EXPERTS have warned women against the abuse of drugs such as tramadol and codeine, saying the illicit substances could be toxic to unborn babies, resulting in miscarriage or birth defects.
A consultant obstetrician and gynaecologist at the Ladoke Akintola University of Technology Teaching Hospital Ogbomoso, Oyo State, Professor Adetunji Adeniji, stated that the illegal drugs could pass through the placenta, especially at the early stages of pregnancy, to affect the growth of the unborn baby.
According to Adeniji, the effect of the use of any illicit drug like codeine or tramadol is dependent on the amount and onset of use of such drug and it affects the placenta and, as such, reduces blood supply for the unborn baby’s growth.
“It can cause narrowing of the blood vessels, so blood supplies to the baby get reduced, causing growth restriction. Such a baby is, therefore, born with a low birth weight.
“Some of these drugs have sedative effects and can cause respiratory depression, in which case the baby does not breathe normally. If such a baby stops breathing, it can die.
“Some of these babies can come down with congenital abnormalities, depending on whether the woman had been addicted before pregnancy or after she got pregnant.

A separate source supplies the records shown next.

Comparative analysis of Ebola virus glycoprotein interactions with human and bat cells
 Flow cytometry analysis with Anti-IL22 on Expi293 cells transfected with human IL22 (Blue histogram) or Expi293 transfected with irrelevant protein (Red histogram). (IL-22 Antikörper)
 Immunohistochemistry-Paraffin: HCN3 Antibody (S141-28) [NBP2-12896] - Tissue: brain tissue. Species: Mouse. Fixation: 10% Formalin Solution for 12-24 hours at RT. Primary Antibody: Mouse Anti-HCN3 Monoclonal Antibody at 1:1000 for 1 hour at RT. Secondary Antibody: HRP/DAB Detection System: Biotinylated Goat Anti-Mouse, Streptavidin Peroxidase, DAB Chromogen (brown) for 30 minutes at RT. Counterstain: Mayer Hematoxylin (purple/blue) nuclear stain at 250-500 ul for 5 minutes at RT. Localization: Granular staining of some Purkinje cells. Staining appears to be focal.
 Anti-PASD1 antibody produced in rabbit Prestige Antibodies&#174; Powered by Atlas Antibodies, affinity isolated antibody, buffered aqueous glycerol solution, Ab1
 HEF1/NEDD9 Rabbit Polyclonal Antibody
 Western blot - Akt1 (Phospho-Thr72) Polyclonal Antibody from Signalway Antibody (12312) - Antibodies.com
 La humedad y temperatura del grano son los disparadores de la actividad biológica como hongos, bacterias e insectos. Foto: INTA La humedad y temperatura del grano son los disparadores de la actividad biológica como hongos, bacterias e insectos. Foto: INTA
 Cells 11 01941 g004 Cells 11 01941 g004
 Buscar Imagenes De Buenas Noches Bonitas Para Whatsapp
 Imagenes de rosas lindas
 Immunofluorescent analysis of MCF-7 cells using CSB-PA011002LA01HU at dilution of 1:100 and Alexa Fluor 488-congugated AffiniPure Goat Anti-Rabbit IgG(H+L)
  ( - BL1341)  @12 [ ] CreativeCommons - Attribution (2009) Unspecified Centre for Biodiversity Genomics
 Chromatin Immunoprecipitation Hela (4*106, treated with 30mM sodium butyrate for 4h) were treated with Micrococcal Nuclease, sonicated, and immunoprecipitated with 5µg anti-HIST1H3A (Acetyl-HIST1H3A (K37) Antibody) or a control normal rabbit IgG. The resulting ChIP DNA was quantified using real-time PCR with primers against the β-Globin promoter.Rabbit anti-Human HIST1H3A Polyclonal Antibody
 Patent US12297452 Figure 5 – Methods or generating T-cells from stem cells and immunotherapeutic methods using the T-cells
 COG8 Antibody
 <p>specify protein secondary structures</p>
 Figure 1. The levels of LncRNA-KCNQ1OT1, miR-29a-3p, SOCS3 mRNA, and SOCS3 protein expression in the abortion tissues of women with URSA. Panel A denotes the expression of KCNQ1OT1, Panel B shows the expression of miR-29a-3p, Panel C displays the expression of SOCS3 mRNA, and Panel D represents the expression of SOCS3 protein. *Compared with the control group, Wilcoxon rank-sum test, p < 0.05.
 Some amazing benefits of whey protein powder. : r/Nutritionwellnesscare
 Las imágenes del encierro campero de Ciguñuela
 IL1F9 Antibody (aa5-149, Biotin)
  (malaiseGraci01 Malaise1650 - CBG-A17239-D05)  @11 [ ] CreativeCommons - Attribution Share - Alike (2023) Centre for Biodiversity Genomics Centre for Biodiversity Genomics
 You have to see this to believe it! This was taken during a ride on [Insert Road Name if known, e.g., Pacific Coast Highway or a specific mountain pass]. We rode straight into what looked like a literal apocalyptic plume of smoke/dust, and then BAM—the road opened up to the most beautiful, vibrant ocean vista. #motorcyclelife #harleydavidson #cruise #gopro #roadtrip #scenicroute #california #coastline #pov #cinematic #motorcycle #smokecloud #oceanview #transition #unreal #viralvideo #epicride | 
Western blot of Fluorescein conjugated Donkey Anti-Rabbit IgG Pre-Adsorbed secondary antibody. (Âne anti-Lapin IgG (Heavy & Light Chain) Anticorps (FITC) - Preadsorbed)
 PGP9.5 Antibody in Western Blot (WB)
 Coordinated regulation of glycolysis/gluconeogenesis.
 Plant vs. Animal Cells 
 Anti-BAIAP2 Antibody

So, the effects are actually multi-various,” the medical expert said.
Professor Adeniji, who declared that these drugs could also pose danger to the health of mothers, said such women, when high, may not be aware of their circumstance and so expose their unborn babies to other risks.
He, however, said that the effects of two illicit drugs are not the same as “tramadol is less sedative to the baby than, say, codeine, cocaine, and pentasocine.”
He said in April 2017, a federal agency of the United States Department of Health and Human Services, the Food and Drug Administration (FDA), had also warned against the use of codeine and tramadol for children and by nursing mothers because of possible harm to their infants, which includes excessive sleeping, difficulty breastfeeding and serious breathing problems that could result in death.
Small amounts of tramadol and its metabolite are found in breast milk when taken by the mother. The amounts of tramadol and its metabolite are usually too low to cause a problem for the baby. However, there is a risk that the baby’s breathing may be affected or that the baby may be allergic to tramadol or its metabolite.
Experts say that signs of breathing problems to watch out for include slow or shallow breathing, difficulty or noisy breathing, more than usual sleep, trouble breastfeeding or limpness.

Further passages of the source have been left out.